I can't understand why generative models make repetitions

The screenshot is the bloom output with a prompt “Please unscramble the letters into a word, and write that word:\nr e!c.i p r o.c a/l =”. (Bloom Book - a Hugging Face Space by bigscience, 2022-06-16, the frist sentence)

I think it makes sense that the model infers ‘The word is “RECIPROCAL”.\nThe’ after the prompt.

But what I can’t understand is why the token ‘word’ is the best choice for a next token after “Please unscramble the letters into a word, and write that word:\nr e!c.i p r o.c a/l = r e!c.i p r o.c a/l\nThe word is “RECIPROCAL”.\nThe”

This is unreasonable because in training dataset, I believe this type repetition is a rare case. Obviously, sequences after second 'word' barely occur in training dataset.

So, my question is
even if repetition of tokens (words, or sentences) is a rare case in datasets, why model acts like repetition is the best case.

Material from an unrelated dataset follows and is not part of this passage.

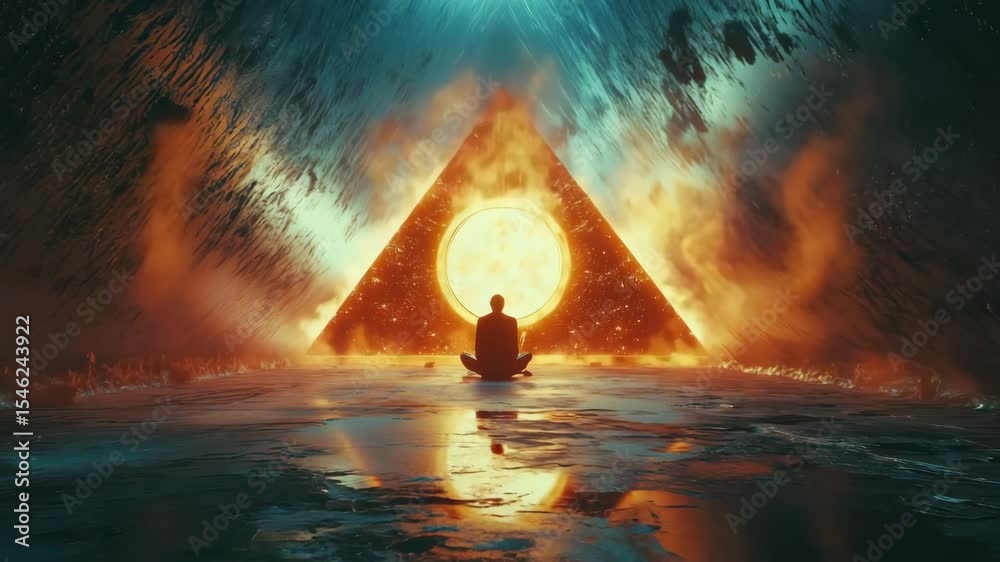 Man meditating in front of giant triangular portal with bright light emitting from center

This is a very common issue in NLG, repetition and hallucinations are two of the biggest problems in NLG. These problems are not “solved” and are likely inherent to the probabilistic nature of language models. There is a lot of related work on this so if you just search for “natural language generation repetition” you’ll come across a lot of literature. Here is a start.

1 Like


Thanks for reply!

I’ve read a few papers, I am still curious about token repetition.

As mentioned in the nucleus sampling paper, the probability of a repeated phrase increases with each repetition.

It is easy to see this behavior in many generation models if check probabilities of repetition tokens.

What mechanisms help the generation models to provide positive feedback to the repeated phrase and give high probabilities to some of input tokens?